Huge congratulations for team Remy. That's an important achievement. 

I bet Remy just whined a little and was under the threshold of indicating a distress. There were dogs that failed when Babykins and Theo took the test - dogs fail for lots of different reasons. Some dogs just need a little more training before retesting.


TEST 10:
SUPERVISED SEPARATION
This test demonstrates that a dog can be left with
a trusted person, if necessary, and will maintain
training and good manners. Evaluators are en-
couraged to say something like, “Would you like
me to watch your dog?” and then take hold of the
dog’s leash. The owner will go out of sight for
three minutes. The dog does not have to stay in
position but should not continually bark, whine,
or pace unnecessarily, or show anything stronger
than mild agitation or nervousness. Evaluators
may talk to the dog but should not engage in ex-
cessive talking, petting, or management attempts
(e.g, “there, there, it’s alright”).


----------



## MaizieFrosty (Apr 12, 2019)

Congratulations to you and Remy!


----------



## lily cd re (Jul 23, 2012)

Big congratulations team! Lily had a really hard time with the greeting a friendly stranger without jumping up and/or licking the person. For Javelin the supervised separation was a big deal. Peeves rocked it all around.

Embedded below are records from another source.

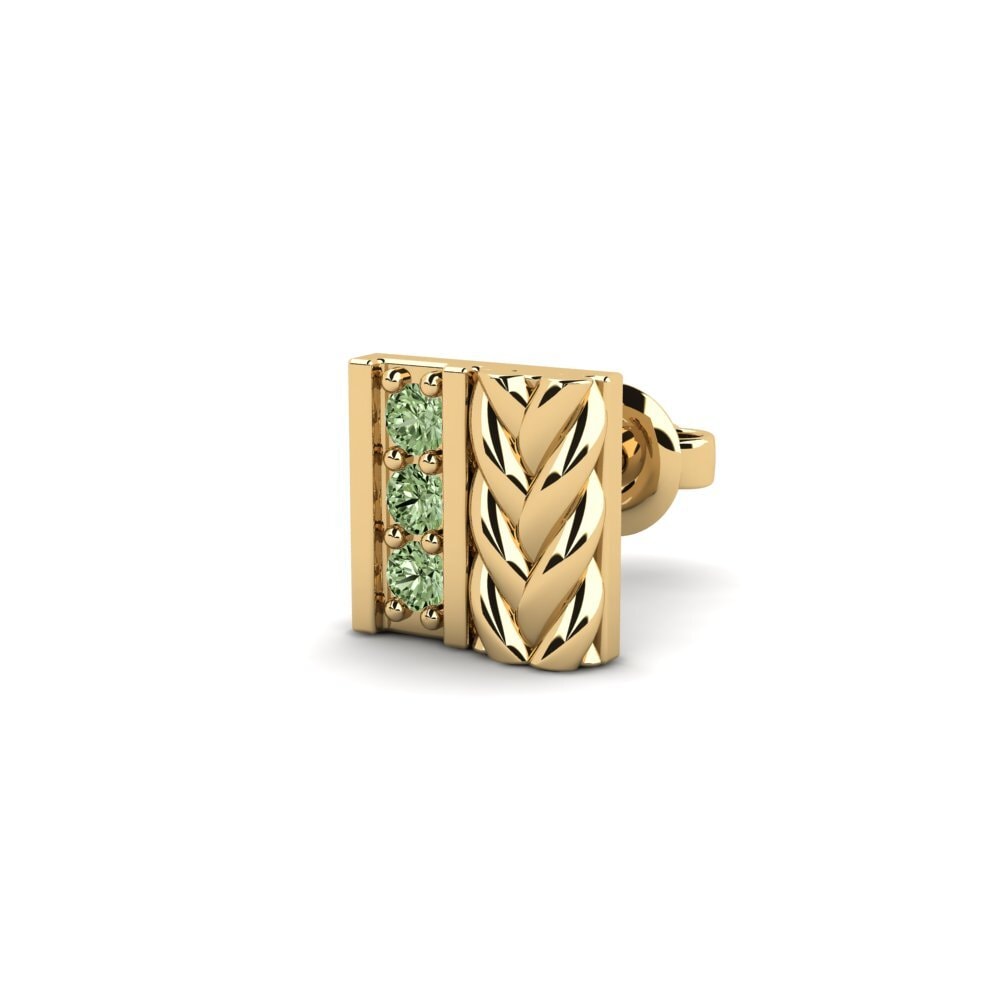 Diamante Verde Pendiente para hombre Nevers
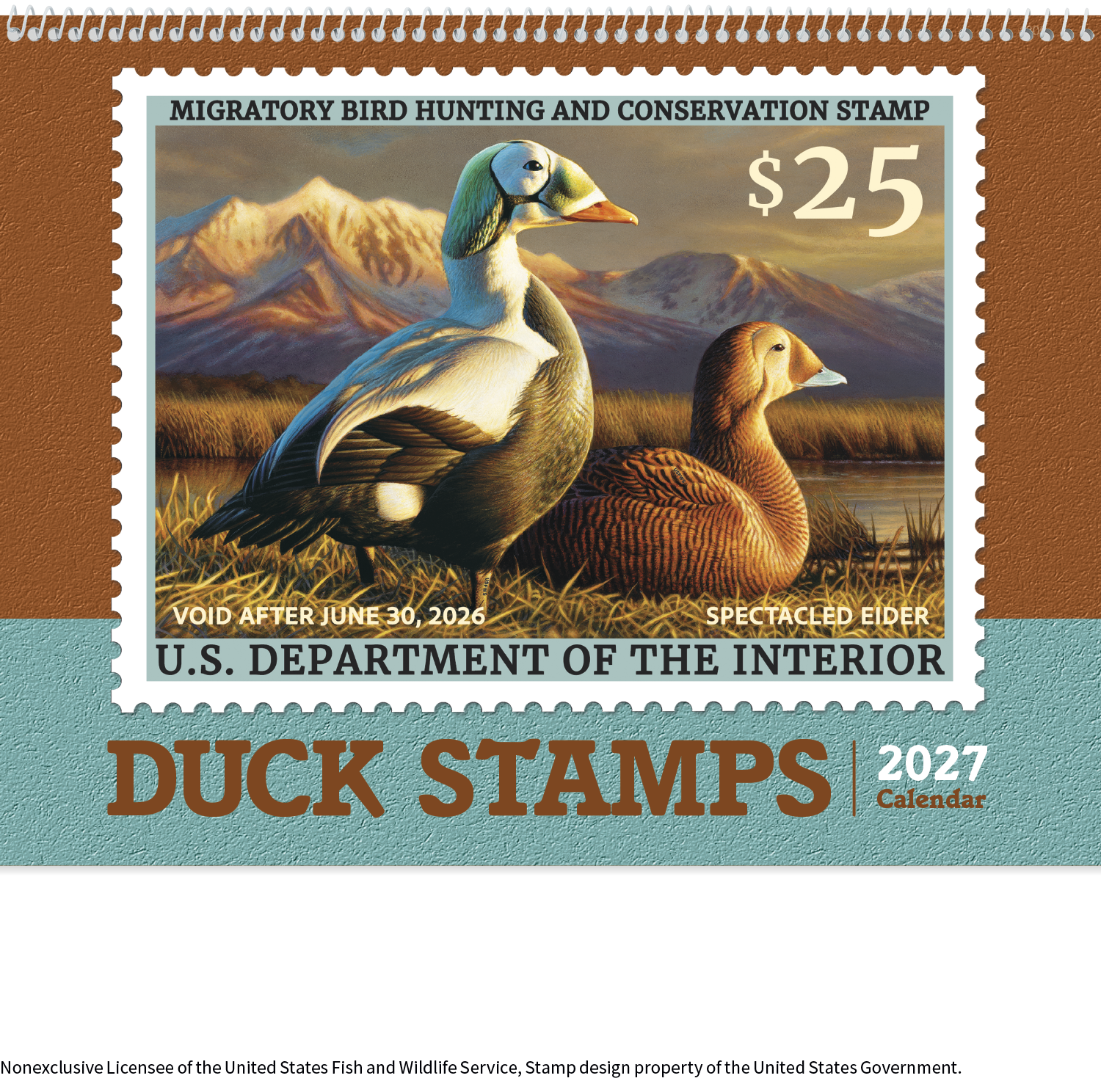 Duck Stamps Calendar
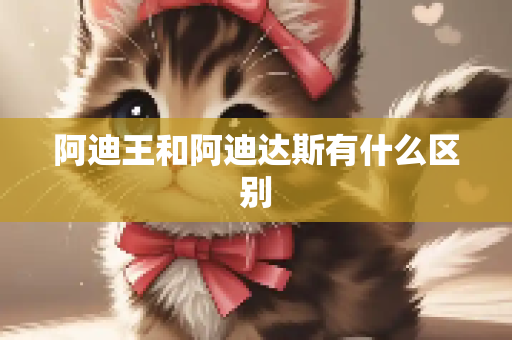 阿迪王和阿迪达斯有什么区别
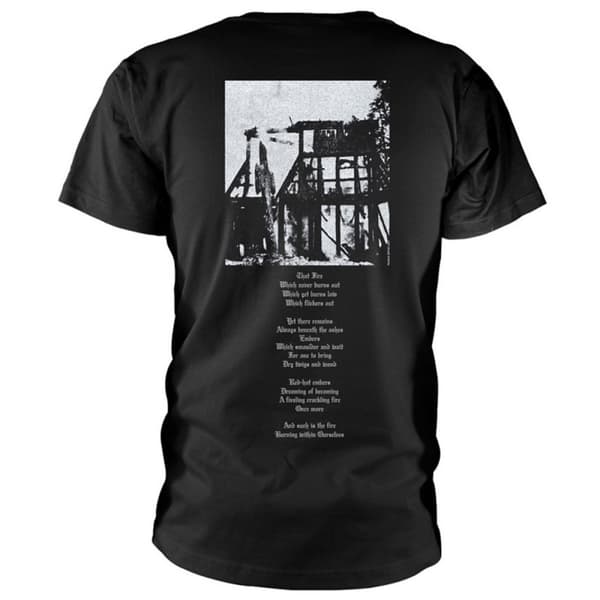 Burzum Unisex Adult Aske Back Print T-Shirt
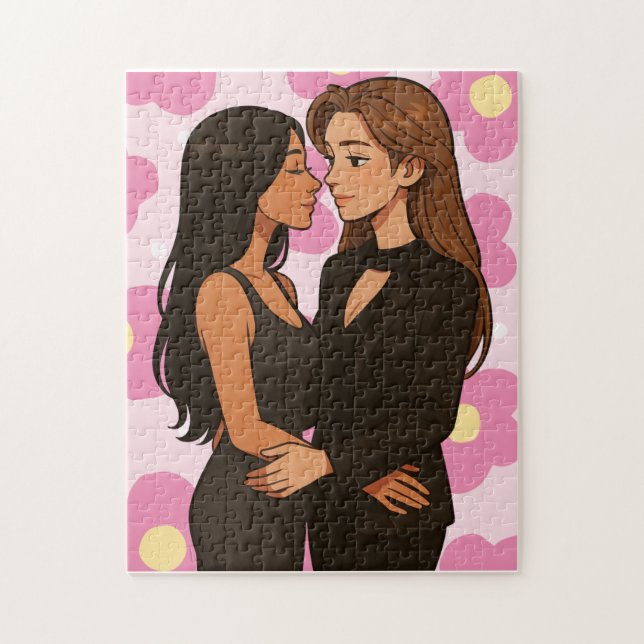 Quebra-cabeça LingOrm Ling Ling Kwong & Orm Thai GL Ship Couple (Vertical)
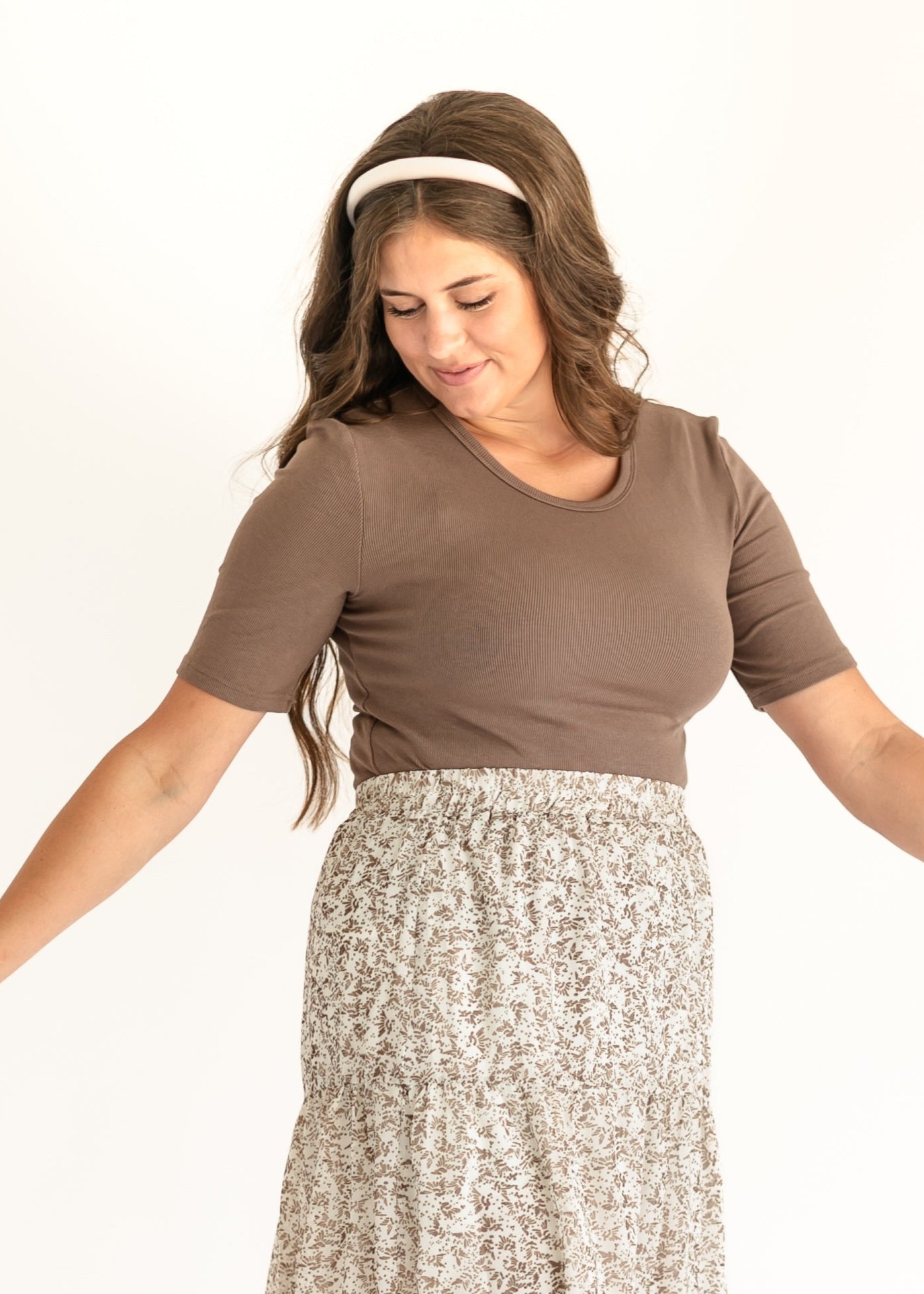 Essential Ribbed Half Sleeve Top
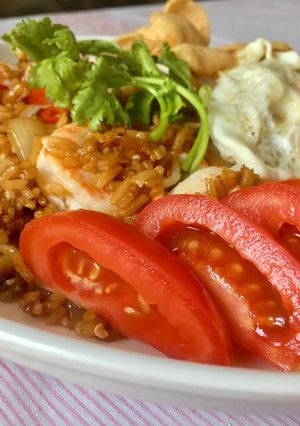 รูปของ ข้าวผัดอินโด นาซีโกเร็ง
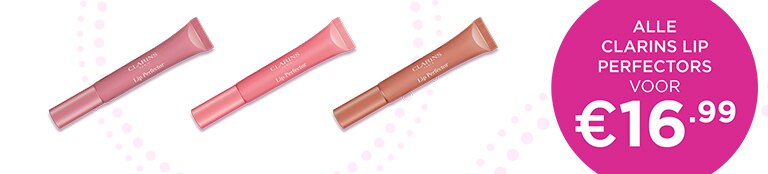 Alle Clarins lip perfectors voor €16.99 Alle Clarins lip perfectors voor €16.99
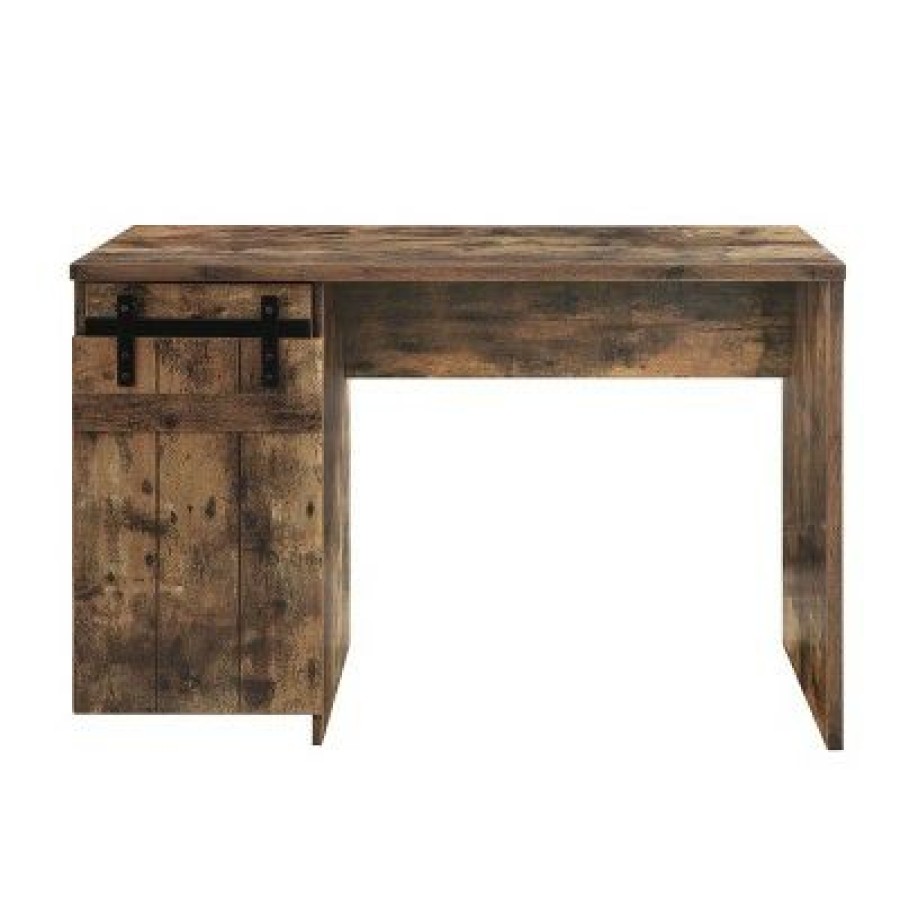 Executive Desks * | Bellarose Writing Desk Rustic Oak Acme Furniture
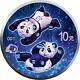 2022 ¥10 Chine Glowing Intelligence Artificielle Panda 30 Grams Argent Pièce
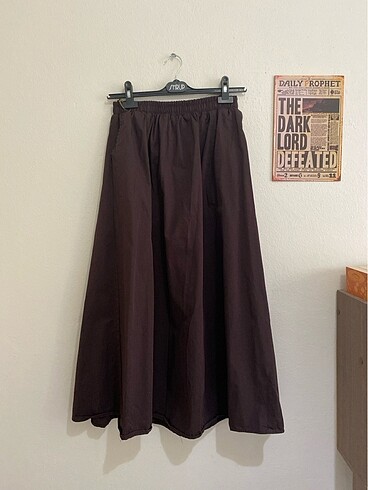 Gabardin kloş etek acı kahve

For most dogs I've tested the supervised separation the struggle was there if anywhere.


----------



## Misteline (Mar 10, 2019)

Congratulations! And such a handsome young man.


----------



## Liz (Oct 2, 2010)

Well done!


----------



## 94Magna_Tom (Feb 23, 2021)

Congratulations!


----------



## Rose n Poos (Sep 22, 2017)

Nicely done, Team Remy!


----------



## Minie (Oct 4, 2021)

Congratulations.


----------



## Spottytoes (Jul 28, 2020)

Congratulations! Definitely an accomplishment to be proud of! 😊


----------



## Bigbark (Jan 9, 2021)

Skylar said:


> Huge congratulations for team Remy. That's an important achievement.
> 
> I bet Remy just whined a little and was under the threshold of indicating a distress. There were dogs that failed when Babykins and Theo took the test - dogs fail for lots of different reasons. Some dogs just need a little more training before retesting.
> 
> ...


I think you’re right that his behavior during the supervised separation didn’t rise to the level of distress according to the evaluators. I often think that I’m the one with separation anxiety - I just hate to see him even a little bit uncomfortable.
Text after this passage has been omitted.